Master Shuga's hesitation is almost palpable in the air, straining the long silence. But Mon keeps tabs on all the inhabitants of Ogi-no-Kami out of a long, long habit, and he knows well the loneliness that Master Shuga's astonishing rise through the rank brought, with his peers in age left behind and his peers in rank jealous or guarded or simply old enough to not engage him. He guesses the bait of this starlit confessional will prove too tempting to pass up, and he guesses right.

"The weight of my failures might be heavy enough to drown me. The Second Empress, and the late prince, and now His Highness... I'm stumbling from one mistake to another, and I'm afraid I'm going to doom us all to fail again."

"I'm afraid," he says again, and Mon thinks that's an amazing admission, coming from the man who looked the Holy Sage in the eye and told him they would need to rewrite the history of the New Empire. But he can't pretend to not understand it, either.

He could remind Master Shuga that, if not for his search, they would not even know that the Prince lives, or he could try to share the man's heavy, earnest grief over the late First Prince, or he could offer reassurances. But Master Shuga is a clever man, or rather a wise one, and it's never easy to find refuge in what one already knows.

So what Mon says instead is: "Forgive me my impertinence, but could you answer a question for me?
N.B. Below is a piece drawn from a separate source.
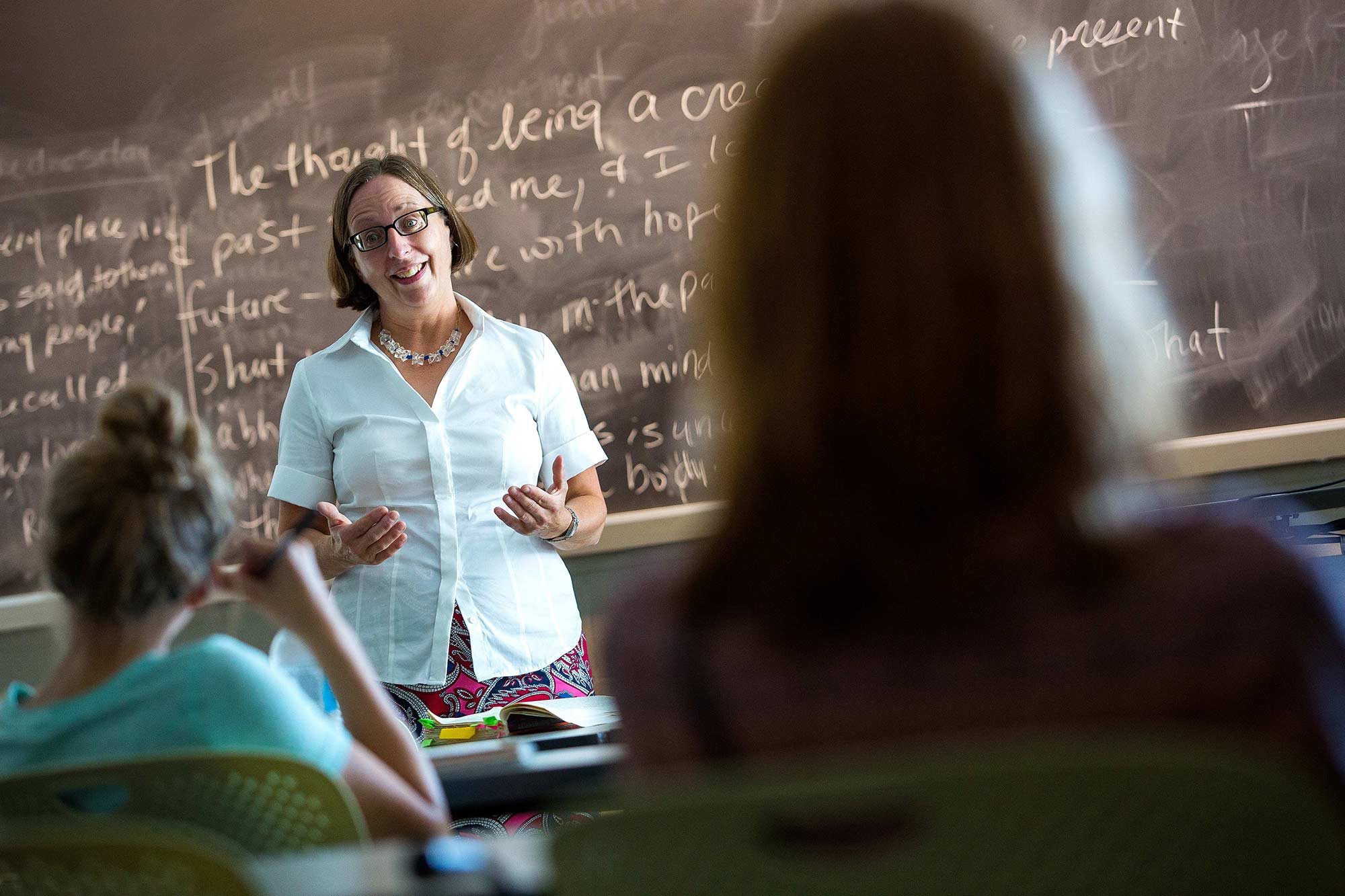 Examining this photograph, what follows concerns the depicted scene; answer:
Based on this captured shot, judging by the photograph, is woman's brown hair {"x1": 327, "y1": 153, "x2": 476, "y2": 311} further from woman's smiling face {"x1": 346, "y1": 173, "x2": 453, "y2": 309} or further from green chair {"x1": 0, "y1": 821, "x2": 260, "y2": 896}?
green chair {"x1": 0, "y1": 821, "x2": 260, "y2": 896}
What made you become a Star Diviner? You must have known, even then, that it would be a long and lonely road."

Master Shuga glances at him in surprise and with a certain gratitude, and he smiles suddenly; it makes him look young, hides his weariness for a second.

"When I was a boy - when I was twelve, I think, an old man came to our village at the end of autumn, a Star Diviner from the palace. The snow closed the passes before he could leave, and so he stayed with my father for the whole winter. He told stories - some to everybody in the village who cared to listen, and some to me alone. About the movement of constellations and rivers, and the way fish journey upstream, and the properties of herbs and soil, and many other things. And when I listened to him, when I heard his words... It was as if he'd shown me that the whole world - all that I knew and all that I didn't, from the depths of Nayug to the dance of highest stars - was one great divine mechanism, moving in a single rhythm, all of its cogs and gears in harmony, and I was a part of it. And I wanted to touch it, and I wanted to learn more of it, and I just wanted - I wanted to understand."

"Do you, now?"

"Not if I had a hundred more lifetimes to study it. But maybe I am closer each day."
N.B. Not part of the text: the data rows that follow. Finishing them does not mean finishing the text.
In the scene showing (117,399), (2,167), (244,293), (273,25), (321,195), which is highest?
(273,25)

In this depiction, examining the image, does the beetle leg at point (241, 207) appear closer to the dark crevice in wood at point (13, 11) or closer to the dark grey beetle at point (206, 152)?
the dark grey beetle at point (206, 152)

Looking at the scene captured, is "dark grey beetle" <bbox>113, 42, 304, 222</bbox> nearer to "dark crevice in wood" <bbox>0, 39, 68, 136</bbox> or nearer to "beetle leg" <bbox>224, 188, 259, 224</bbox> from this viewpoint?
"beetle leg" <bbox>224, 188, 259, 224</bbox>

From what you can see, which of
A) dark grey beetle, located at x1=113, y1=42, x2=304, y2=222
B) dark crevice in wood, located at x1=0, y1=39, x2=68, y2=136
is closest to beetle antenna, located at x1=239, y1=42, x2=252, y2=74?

Mon nods to him, pleased by the reaction he had hoped to invoke, and also oddly grateful for the substance of the answer. It's not his domain, either, but in this moment, in this suspended pre-dawn world, he thinks he might hear the gears turn, if he strains his ears. It's a weirdly comforting sound.

Master Shuga shifts slightly and then curls in on himself with a muted hiss, going about two shades paler. The female bodyguard's spear, of course: Mon berates himself for forgetting.

"Let me check on your injury," he says, and adds "so we could know it would cause any trouble for tomorrow's ride" for good measure.

Master Shuga lifts the hem of his shirt without a word of argument, and lets Mon inspect his middle by sight and touch. The bruise is impressive, a blue stain spreading across half of his pale stomach; it must be extremely painful. But there's no telltale heat of internal wound under Mon's probing fingers, and it's unlikely to do anything but pass, with time.

"I told the woman she would have to kill me if she wanted to take the Prince away," Master Shuga says pensively over Mon's bent head, "and she chose to be merciful. And Prince Chagum was upset with her, and troubled by my words - but he looked in good health, and he went to her without fear. I don't think she's our enemy."

"When we find them, you'll be able to ask and know for sure," Mon promises, straightening. "She might end up being one of your gears and cogs, after all."

Master Shuga nods at him, graceful and solemn, and Mon thinks the load he bears hasn't lifted, but might have lightened. It's good enough.

He gets up and offers his hand, satisfied with the night's work. There's still an hour left to sleep, and tomorrow will find them soon enough.